The wonderful thing about education is that it’s ubiquitous to all of us. There are things you’ve encountered that you think could have been done better, or questions you’ve encountered that you want answered. If you’re not excited about the work you’re proposing to do, think about what you would be excited about, and try to move in that direction.

Justify the Need and Justify your Approach

We ask that you spend the first several weeks of the semester exploring the area of your problem rather than just jumping in, and one reason for this is so you can justify that the need exists. If you’re doing a development project, you need to be able to show that you’re addressing a problem that hasn’t been adequately addressed. If you’re doing a research project, you need to demonstrate that the question hasn’t been adequately answered and that it has been adequately justified by related literature. If you’re doing a continent project, you need to show that the material that you’re teaching has not been adequately taught.

Of course, in some ways those are impossible: you can’t prove a negative. But you can document that you’ve done the necessary research to show that if there was a good solution or a fitting theory, you likely would have found it. It still might exist, but it at least hasn’t become well enough known or recognized to turn up with sufficient earnest research.

It’s also important to note that in justifying the need, you don’t then need to create a wholesale competitor or alternative. For example, if you documented a need with second language unmet by apps like DuoLingo, you wouldn’t need to then reimplement everything DuoLingo does as well as the features that address your documented need. You would need to work toward something that complements what is already out there.

There is another side to this as well, which is also justifying that the approach you’re taking has merit. Imagine, for instance, you want to include a leaderboard: why? Your justification should go beyond the idea that it’s a feature that just seems to make sense; you should be able to put your plan for addressing the problem or answering the question in terms of the existing literature on the topic. Why do you believe your method will succeed?

Scope Appropriately

Your project is generally expected to be 100 hours of work, regardless of whether you’re taking this class in a regular or a shortened semester. 100 hours is both a significant chunk of time and an insignificant one. You have time to do something notable and impactful, but probably not time to do absolutely everything you might have in mind.

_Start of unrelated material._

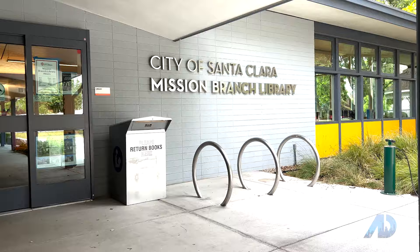Hey, it's Vinicius Brazil with another episode of American Dream TV, Santa Clara edition. Today I'm in downtown Santa Clara.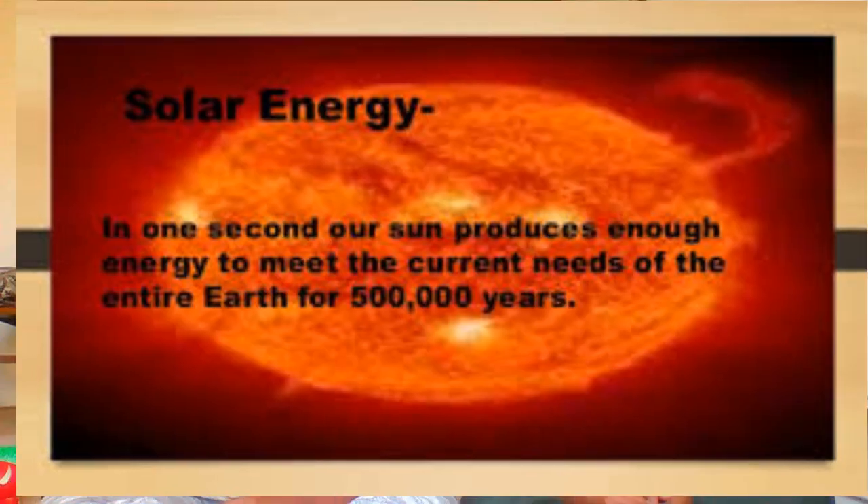The Sun is actually a star. It seems much brighter and bigger because the star is closer to our Earth. The Sun is 150 million kilometers away from the Earth.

So, pay attention to what you can scope in a particular semester. If the entire space of what you’d like to do is too large, then find a way to scope it down. Your goal is to select something you can actually complete, even if it’s smaller than what you’d like to do overall; you’d rather do 100% of something small than 50% of something large.

Similarly, there are good ideas that don’t constitute 100 hours of work. Good survey research, for instance, is more time consuming than people think, but a single survey isn’t 100 hours of work either. Consider how you might follow on from the initial work. If you were doing a survey, for example, you might specifically outline follow-up questions or directions that might come from different survey results.

Learn a Little Something New

Depending on your background, you might want to do something that you don’t yet know how to do. Maybe you want to build a web site that better tracks individual contributions to group projects. Maybe you want to perform an analysis to see if grades are biased by visible indicators of race or gender. Maybe you want to teach a field you know, but you don’t really know how to teach.

It’s okay to specifically include in your proposal some time to learn the skills necessary to do your idea, like web design, data analysis, or instructional design. Those tasks should still be specific (what are you learning, from where?), but they can be foundational to executing your actual project.

That said, the majority of your project work should actually be to complete the project, not to prepare for the project. You shouldn’t spend 90 hours learning web design to spend 10 hours creating a web site for this class. We’d generally say no more than 15% of your project work should be spent learning the necessary skills to do the other stuff you have in mind.

That’s not to say that you can’t spend more time learning, but it shouldn’t count toward your project scope. If you don’t mind spending 200 hours on your project with 100 spent learning, that’s fine! Make sure you’re ready for that, though: if you run out of time to learn everything you need to know, you might find yourself in a bad position for the actual project work you proposed.